Search code examples
rself-organizing-maps

Unsupervised SOM visualisation


There is a need to plot the result of a unsupervised rectangular SOM model. Additional requirements: 1) draw each node as a pie chart with corresponding observed classes; size of a chart should reflect the number of samples in the node. Default plot.kohonen doesn't suit such a case.


Solution

  • Here is a possible solution. The first function som.prep.df is called from the second 'som.draw', which has only two parameters SOM model and observed classes of training set.

    som.prep.df <- function(som.model, obs.classes, scaled) {
      require(reshape2)
      lev <- factor(wine.classes)
      df <- data.frame(cbind(unit=som.model$unit.classif, class=as.integer(lev)))
      # create table
      df2 <- data.frame(table(df))
      df2 <- dcast(df2, unit ~ class, value.var="Freq")
      df2$unit <- as.integer(df2$unit)
      # calc sum
      df2$sum <- rowSums(df2[,-1])
      # calc fraction borders of classes in each node
      tmp <- data.frame(cbind(X0=rep(0,nrow(df2)), 
                              t(apply(df2[,-1], 1, function(x) {
                                cumsum(x[1:(length(x)-1)]) / x[length(x)]
                              }))))
      df2 <- cbind(df2, tmp)
      df2 <- melt(df2, id.vars=which(!grepl("^\\d$", colnames(df2))))
      df2 <- df2[,-ncol(df2)]
      # define border for each classs in each node
      tmp <- t(apply(df2, 1, function(x) {
        c(x[paste0("X", as.character(as.integer(x["variable"])-1))], 
          x[paste0("X", as.character(x["variable"]))])
      }))
      tmp <- data.frame(tmp, stringsAsFactors=FALSE)
      tmp <- sapply(tmp, as.numeric)
      colnames(tmp) <- c("ymin", "ymax")
      df2 <- cbind(df2, tmp)
      # scale size of pie charts
      if (is.logical(scaled)) {
        if (scaled) {
          df2$xmax <- log2(df2$sum)
        } else {
          df2$xmax <- df2$sum
        }
      }
      df2 <- df2[,c("unit", "variable", "ymin", "ymax", "xmax")]
      colnames(df2) <- c("unit", "class", "ymin", "ymax", "xmax")
      # replace classes with original levels names
      df2$class <- levels(lev)[df2$class]
      return(df2)
    }
    
    som.draw <- function(som.model, obs.classes, scaled=FALSE) {
      # scaled - make or not a logarithmic scaling of the size of each node
      require(ggplot2)
      require(grid)
      g <- som.model$grid
      df <- som.prep.df(som.model, obs.classes, scaled)
      df <- cbind(g$pts, df[,-1])
      df$class <- factor(df$class)
      g <- ggplot(df, aes(fill=class, ymax=ymax, ymin=ymin, xmax=xmax, xmin=0)) +
        geom_rect() +
        coord_polar(theta="y") +
        facet_wrap(x~y, ncol=g$xdim, nrow=g$ydim) + 
        theme(axis.ticks = element_blank(), 
              axis.text.y = element_blank(),
              axis.text.x = element_blank(),
              panel.margin = unit(0, "cm"),
              strip.background = element_blank(),
              strip.text = element_blank(),
              plot.margin = unit(c(0,0,0,0), "cm"),
              panel.background = element_blank(),
              panel.grid = element_blank())
      return(g)
    }
    

    Usage example.

    require(kohonen)
    data(wines)
    som.wines <- som(scale(wines), grid = somgrid(5, 5, "rectangular"))
    
    # Non-scaled map
    som.draw(som.wines, wine.classes)
    

    enter image description here

    # Scaled map
    som.draw(som.wines, wine.classes, TRUE)
    

    enter image description here

    This function can also be used for the visualization of supervised models as well. But it suits only for rectangular maps. Hope this will help someone.

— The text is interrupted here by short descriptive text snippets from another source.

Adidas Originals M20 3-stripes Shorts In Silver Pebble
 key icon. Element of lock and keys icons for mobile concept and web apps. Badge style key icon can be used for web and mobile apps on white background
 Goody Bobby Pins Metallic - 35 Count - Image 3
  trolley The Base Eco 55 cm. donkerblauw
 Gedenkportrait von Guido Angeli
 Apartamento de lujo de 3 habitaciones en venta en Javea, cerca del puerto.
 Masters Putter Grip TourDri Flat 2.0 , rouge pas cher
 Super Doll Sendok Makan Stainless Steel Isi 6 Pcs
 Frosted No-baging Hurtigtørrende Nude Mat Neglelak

    There are several possible improvements:

    1. Choose a better scaling function than logarithm. Because now nodes with single sample become invisible after scaling.
    2. Add legend to the whole plot which will reflect the size of nodes.
    3. Or add information about nodes population on each chart.

    PS. The code isn't very elegant, so any suggestions and improvements are welcome.